Task prompt |
Give again, word for word, each line below starting at the one that contains "Edison Bridal Veil" and ending at the one that contains "Daypack Bookbag Multipurpose".

- - - - -

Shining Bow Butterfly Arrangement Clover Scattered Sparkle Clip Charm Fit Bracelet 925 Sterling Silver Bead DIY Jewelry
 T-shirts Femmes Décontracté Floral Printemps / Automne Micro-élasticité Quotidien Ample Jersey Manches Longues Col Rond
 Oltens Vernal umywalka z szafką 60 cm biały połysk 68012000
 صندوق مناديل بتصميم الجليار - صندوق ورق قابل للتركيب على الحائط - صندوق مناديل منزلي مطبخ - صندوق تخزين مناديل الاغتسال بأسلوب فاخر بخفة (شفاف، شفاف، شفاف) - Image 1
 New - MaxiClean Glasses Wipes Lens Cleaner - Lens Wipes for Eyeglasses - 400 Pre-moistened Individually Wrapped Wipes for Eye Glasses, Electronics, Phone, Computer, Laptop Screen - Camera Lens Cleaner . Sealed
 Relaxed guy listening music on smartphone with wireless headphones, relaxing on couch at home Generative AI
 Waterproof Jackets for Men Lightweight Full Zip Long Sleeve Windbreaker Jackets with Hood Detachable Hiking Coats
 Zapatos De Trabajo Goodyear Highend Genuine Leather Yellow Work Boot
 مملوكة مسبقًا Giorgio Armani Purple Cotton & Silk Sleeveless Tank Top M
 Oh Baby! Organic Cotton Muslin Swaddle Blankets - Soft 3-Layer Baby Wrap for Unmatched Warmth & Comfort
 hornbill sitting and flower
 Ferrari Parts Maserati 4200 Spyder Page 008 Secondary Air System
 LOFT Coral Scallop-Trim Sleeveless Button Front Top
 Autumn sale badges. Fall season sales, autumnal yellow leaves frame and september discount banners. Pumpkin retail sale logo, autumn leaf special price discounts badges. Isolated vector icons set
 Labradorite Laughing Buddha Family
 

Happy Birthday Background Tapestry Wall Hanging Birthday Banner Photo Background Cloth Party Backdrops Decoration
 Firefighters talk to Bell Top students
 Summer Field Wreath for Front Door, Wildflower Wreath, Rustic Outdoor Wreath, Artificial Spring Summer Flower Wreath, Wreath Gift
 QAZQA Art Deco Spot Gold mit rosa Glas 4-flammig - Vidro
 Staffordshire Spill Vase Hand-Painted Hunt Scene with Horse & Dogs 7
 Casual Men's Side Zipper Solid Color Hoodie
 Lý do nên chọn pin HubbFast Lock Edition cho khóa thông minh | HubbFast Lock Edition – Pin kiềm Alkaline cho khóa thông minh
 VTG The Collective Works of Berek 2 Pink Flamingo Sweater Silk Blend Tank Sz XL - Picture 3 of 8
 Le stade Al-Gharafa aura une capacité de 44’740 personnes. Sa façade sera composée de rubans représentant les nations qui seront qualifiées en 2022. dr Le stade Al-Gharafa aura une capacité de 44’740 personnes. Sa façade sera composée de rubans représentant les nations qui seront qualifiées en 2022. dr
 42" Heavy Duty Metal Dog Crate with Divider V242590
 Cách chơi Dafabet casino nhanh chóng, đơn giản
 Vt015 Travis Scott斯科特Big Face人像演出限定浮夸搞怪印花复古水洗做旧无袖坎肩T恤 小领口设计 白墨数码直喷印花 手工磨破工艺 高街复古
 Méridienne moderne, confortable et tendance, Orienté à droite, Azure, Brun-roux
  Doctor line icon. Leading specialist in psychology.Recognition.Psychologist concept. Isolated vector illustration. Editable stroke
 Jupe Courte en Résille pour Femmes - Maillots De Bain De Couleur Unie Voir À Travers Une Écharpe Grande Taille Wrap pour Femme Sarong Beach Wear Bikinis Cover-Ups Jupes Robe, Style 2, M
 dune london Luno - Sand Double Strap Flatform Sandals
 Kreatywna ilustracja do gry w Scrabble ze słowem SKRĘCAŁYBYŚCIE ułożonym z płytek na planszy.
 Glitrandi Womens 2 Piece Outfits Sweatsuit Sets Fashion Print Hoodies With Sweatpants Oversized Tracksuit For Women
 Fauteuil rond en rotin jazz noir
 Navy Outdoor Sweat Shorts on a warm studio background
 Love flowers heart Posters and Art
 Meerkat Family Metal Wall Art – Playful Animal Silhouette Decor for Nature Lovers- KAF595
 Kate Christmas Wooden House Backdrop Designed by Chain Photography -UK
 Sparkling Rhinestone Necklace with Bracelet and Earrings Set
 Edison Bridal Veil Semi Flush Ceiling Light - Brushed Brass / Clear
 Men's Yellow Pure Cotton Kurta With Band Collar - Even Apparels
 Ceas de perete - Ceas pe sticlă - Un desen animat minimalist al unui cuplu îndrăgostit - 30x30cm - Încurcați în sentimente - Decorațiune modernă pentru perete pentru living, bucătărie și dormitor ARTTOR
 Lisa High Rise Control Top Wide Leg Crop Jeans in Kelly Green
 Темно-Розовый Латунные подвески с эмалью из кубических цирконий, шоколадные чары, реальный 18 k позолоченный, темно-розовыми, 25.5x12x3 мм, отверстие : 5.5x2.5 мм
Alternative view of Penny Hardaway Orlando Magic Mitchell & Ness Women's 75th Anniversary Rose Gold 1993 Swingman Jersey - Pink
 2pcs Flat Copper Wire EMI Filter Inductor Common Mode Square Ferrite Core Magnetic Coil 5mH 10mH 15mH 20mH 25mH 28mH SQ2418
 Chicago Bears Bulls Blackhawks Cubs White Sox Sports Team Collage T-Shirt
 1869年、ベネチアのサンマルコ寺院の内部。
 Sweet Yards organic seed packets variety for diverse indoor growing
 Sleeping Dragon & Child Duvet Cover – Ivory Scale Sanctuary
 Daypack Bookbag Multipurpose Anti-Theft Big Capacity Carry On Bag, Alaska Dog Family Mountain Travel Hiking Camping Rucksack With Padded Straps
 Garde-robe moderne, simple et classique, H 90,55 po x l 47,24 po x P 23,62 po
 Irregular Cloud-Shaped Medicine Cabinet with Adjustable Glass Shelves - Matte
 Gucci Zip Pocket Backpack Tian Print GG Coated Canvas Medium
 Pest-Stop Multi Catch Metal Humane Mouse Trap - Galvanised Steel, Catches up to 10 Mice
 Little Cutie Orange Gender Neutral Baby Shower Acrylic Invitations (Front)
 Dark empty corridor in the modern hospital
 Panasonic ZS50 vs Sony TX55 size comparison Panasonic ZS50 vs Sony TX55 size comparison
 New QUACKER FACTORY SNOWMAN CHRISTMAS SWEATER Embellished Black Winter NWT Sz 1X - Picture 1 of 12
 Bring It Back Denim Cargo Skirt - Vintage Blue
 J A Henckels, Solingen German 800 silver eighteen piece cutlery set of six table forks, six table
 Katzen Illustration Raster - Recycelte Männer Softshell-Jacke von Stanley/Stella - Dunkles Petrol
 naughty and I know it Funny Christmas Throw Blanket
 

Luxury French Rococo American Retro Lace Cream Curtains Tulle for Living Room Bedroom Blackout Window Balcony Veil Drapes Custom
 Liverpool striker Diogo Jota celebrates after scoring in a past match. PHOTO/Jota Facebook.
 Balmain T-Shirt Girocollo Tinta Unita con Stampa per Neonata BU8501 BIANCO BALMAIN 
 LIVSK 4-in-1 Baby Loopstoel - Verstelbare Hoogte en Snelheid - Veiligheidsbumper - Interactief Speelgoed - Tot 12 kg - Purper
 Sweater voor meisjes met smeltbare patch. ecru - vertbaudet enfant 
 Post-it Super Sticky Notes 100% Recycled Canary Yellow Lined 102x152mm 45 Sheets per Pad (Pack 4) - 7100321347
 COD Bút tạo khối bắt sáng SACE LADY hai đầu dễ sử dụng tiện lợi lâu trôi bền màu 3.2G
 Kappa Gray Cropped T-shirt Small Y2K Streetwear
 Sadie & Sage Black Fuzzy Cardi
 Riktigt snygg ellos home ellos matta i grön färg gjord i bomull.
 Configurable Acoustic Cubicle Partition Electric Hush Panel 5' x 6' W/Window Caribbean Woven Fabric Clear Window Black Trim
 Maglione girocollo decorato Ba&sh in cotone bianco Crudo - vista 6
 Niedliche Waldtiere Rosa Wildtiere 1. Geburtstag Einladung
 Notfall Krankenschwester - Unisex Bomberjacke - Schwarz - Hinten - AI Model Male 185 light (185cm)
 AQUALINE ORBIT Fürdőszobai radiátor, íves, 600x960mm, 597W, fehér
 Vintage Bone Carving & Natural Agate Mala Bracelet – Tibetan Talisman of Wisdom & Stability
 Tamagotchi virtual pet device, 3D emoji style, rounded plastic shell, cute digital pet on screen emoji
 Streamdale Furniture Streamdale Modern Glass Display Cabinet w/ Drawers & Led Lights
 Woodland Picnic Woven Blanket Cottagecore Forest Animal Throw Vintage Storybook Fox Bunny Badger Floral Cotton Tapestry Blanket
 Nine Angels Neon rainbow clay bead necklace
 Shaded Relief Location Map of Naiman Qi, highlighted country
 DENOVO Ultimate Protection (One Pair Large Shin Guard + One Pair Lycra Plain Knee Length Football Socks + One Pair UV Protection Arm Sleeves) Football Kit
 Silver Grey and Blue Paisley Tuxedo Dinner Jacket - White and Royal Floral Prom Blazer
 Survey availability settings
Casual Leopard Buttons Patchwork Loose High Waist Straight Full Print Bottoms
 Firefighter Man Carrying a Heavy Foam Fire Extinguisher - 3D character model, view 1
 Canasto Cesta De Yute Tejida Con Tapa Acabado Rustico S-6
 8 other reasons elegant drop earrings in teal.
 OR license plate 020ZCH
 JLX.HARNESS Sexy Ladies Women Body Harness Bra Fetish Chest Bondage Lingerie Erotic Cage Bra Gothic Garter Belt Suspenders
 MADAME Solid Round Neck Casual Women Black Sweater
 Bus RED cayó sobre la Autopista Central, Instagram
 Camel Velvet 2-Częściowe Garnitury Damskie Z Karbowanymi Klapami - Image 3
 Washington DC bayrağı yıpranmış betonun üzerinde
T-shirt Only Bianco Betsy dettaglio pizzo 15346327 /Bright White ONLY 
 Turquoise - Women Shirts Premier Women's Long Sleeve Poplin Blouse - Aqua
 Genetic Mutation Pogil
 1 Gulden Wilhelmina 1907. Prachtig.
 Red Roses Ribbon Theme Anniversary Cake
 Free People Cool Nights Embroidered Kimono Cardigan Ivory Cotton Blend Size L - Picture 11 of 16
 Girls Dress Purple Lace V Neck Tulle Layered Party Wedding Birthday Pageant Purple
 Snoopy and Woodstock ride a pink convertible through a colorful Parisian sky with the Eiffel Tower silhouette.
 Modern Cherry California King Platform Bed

- - - - -

Worked solution |
 Edison Bridal Veil Semi Flush Ceiling Light - Brushed Brass / Clear
 Men's Yellow Pure Cotton Kurta With Band Collar - Even Apparels
 Ceas de perete - Ceas pe sticlă - Un desen animat minimalist al unui cuplu îndrăgostit - 30x30cm - Încurcați în sentimente - Decorațiune modernă pentru perete pentru living, bucătărie și dormitor ARTTOR
 Lisa High Rise Control Top Wide Leg Crop Jeans in Kelly Green
 Темно-Розовый Латунные подвески с эмалью из кубических цирконий, шоколадные чары, реальный 18 k позолоченный, темно-розовыми, 25.5x12x3 мм, отверстие : 5.5x2.5 мм
Alternative view of Penny Hardaway Orlando Magic Mitchell & Ness Women's 75th Anniversary Rose Gold 1993 Swingman Jersey - Pink
 2pcs Flat Copper Wire EMI Filter Inductor Common Mode Square Ferrite Core Magnetic Coil 5mH 10mH 15mH 20mH 25mH 28mH SQ2418
 Chicago Bears Bulls Blackhawks Cubs White Sox Sports Team Collage T-Shirt
 1869年、ベネチアのサンマルコ寺院の内部。
 Sweet Yards organic seed packets variety for diverse indoor growing
 Sleeping Dragon & Child Duvet Cover – Ivory Scale Sanctuary
 Daypack Bookbag Multipurpose Anti-Theft Big Capacity Carry On Bag, Alaska Dog Family Mountain Travel Hiking Camping Rucksack With Padded Straps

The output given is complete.